I describe my approach to this stuff as learning WAY more about these things than I need to solve the problem at hand. This always helps me to make decisions when things don't work right and I literally have to design a solution. For instance, I was on the phone with a tech at Zinwell the other day asking how many mA it takes to run their switch, and LNBs. If I ever need to have an idea how wire length and resistance affect the voltage AT the LNB, this info will help. But it won't be in the manual and it won't find you. You have to seek it out.


Thanks. Only thing is, I have no idea wha 4XEM is. It could be another Star Wars android, for all I know. I'll go look it up.

That is exactly what I have observed. I can't recall the specific brands, most likey ProConnect and Belden, but when terminating on 110 blocks, I know that the twist rates from pair to pair from one manufacturer were different that the others.

This would seem to imply, if the EMI immunity is related to the twist rate, that terminating 568A vs. 568B when using baluns would affect performance, depending on the cable manufacturers' twist scheme.

Oh...I think that was mentioned in this thread earlier.

As "other" says above, that variation in twist from one pair to another is called "skew".

CAT-6 has a different rate than CAT-5E (Big E)...
which is different than CAT-5e (little e)...
which is different than CAT-5 (no E)...
which is different than CAT-3!!

Skew is NEEDED for data runs for the crosstalk reduction reasons outlined in this thread.
Reducing the crosstalk allows for higher usable bandwidth, because less of the cable's capacity is cluttered with errant information from the other pair(s) or from outside.

The skew becomes even more critical as we move forward with Cat cables as a carrier of HDMI.
Twist rate and cable compisition make a BIG difference in high speed distance.
Example:
Cat/5 (2ea) - 100' @1080P
Cat/5E (2ea) - 125' @ 1080P
Cat/6 (2ea) - 200' @ 1080P

(hidden message: install Cat/6)

BTW:
Rick, did you know that AMX is an HDMI adopter/lincensee?
Hmmmmmm...........
(Note-to be Fair: so is Crestron)

Gents, (And the lady or two who are sometimes present.)

As many have noted, the twist rate is different on each pair, and the reason is to provide rejection from other pairs in the bundle.

There is no spec, on what pairs have a specific twist rate. A minimum twist rate is implied by the noise immunity required to meet the specification of the entire cable. But the rates on the individual pairs is manufacturer specific, and not dictated by the networking specifications. The networking specifications don't specify how the wire manufacturers perform the desired specs, they only specify what requirements are in place... dB of rejection on adjacent pairs, dB of rejection of adjacent cable, etc.

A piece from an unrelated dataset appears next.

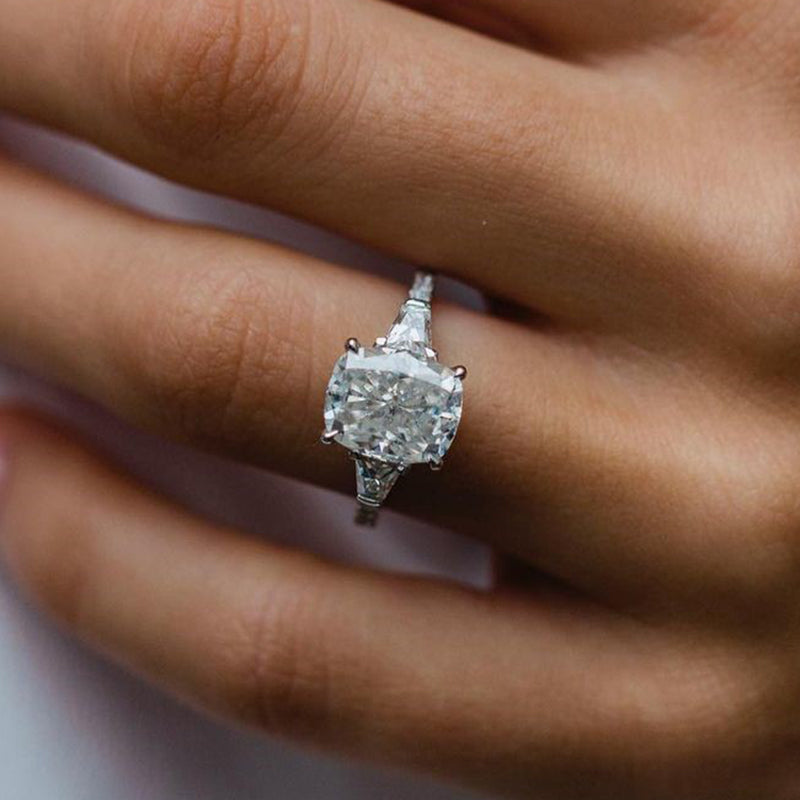 Stunning Cushion Cut Three Stone Women's Engagement Ring In Sterling Silver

Note that using a pair with a higher twist rate will give a higher noise immunity, but this does not necessarily result in a better picture when using balun's. This is because the higher twist rate also results in a higher capacitance for that pair. This can be modeled as each strand of the cable being a series string of low valued resistors, and the node between each resistor having a capacitor connected from one conductor to the other. (Looks like a ladder, with the sides being resistors, and the rungs being capacitors.)

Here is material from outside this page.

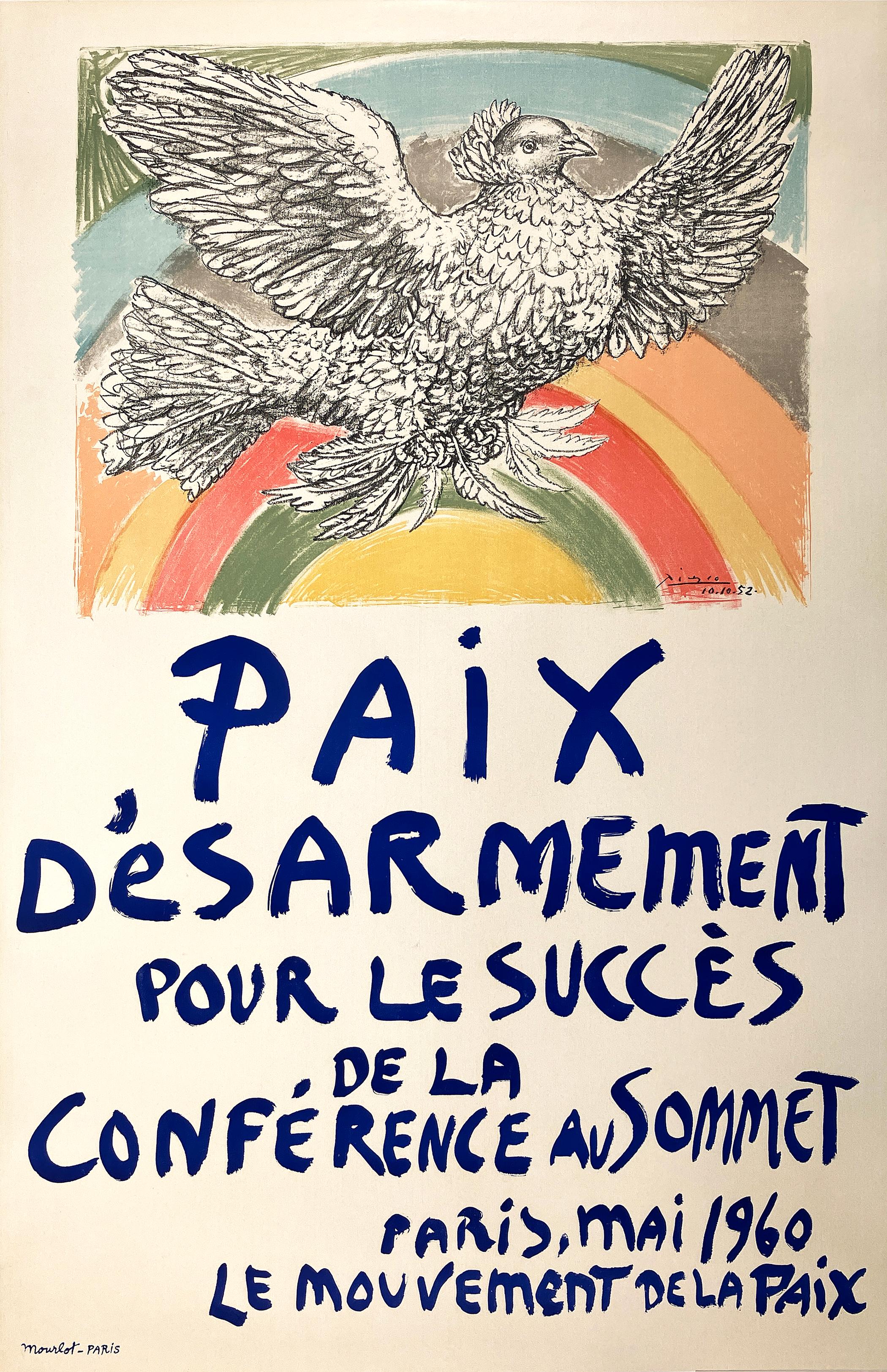 This powerful and symbolic poster, *Paix Désarmement* by Pablo Picasso, was created in 1960 to promote the *Conference for Peace and Disarmament* held in Paris. The image embodies Picasso’s lifelong commitment to peace and political activism, using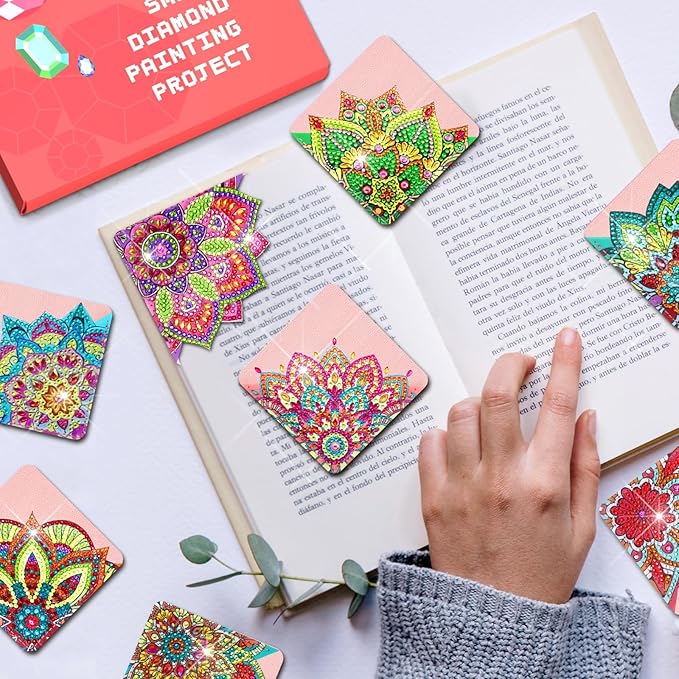 8 PCs Diamond Art Corner Bookmarks Leather Dimond Painting Book Mark Kit for Adults Paint by Dots Bookmarkers Craft DIY Gem Small Dotz Gifts for Women Mandala Flower Pink Lotus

This model is a low pass filter! Above the corner frequency of the RC filter formed by the resistance of the conductor, and the capacitance of the twist, the cable looks like a short to high frequencies. So this twist reduces susceptibility to noise, but does so at the expense of bandwidth. These cables carefully balance the resistance, and capacitance in an effort to provide noise immunity while preserving as much bandwidth as possible, while keeping manufacturing cost reasonable. Like many things in life, this is a balance, and the best overall result is achieved by carefully balancing the behaviour, weighting the factors for what is typically seen in real applications.

So, those who propose that the best performance will be gained with balun's when using the pair with the highest twist rate:

They'd be right if there is lots of noise in the cables environment, and trading off some bandwidth for noise results in a better picture.

They'd be wrong if bandwidth is more important, because in the environment of the cable, noise is not very high.

Note that these cables are designed to be placed in a cable chase, often with 100's of like cables! The way we use these cables in a typical residential installation, they see very little noise compared to the noise seen in a typical commercial environment.

My guess is that better performance would be achieved when using balun's, by using the pairs with the lowest twist rate. But I also think this becomes a almost nonsense point, as with composite you're not going to see the need for bandwidth, and with component, you're going to use 3 out of 4 pair anyway, so you're only dodging the pair with the highest twist rate.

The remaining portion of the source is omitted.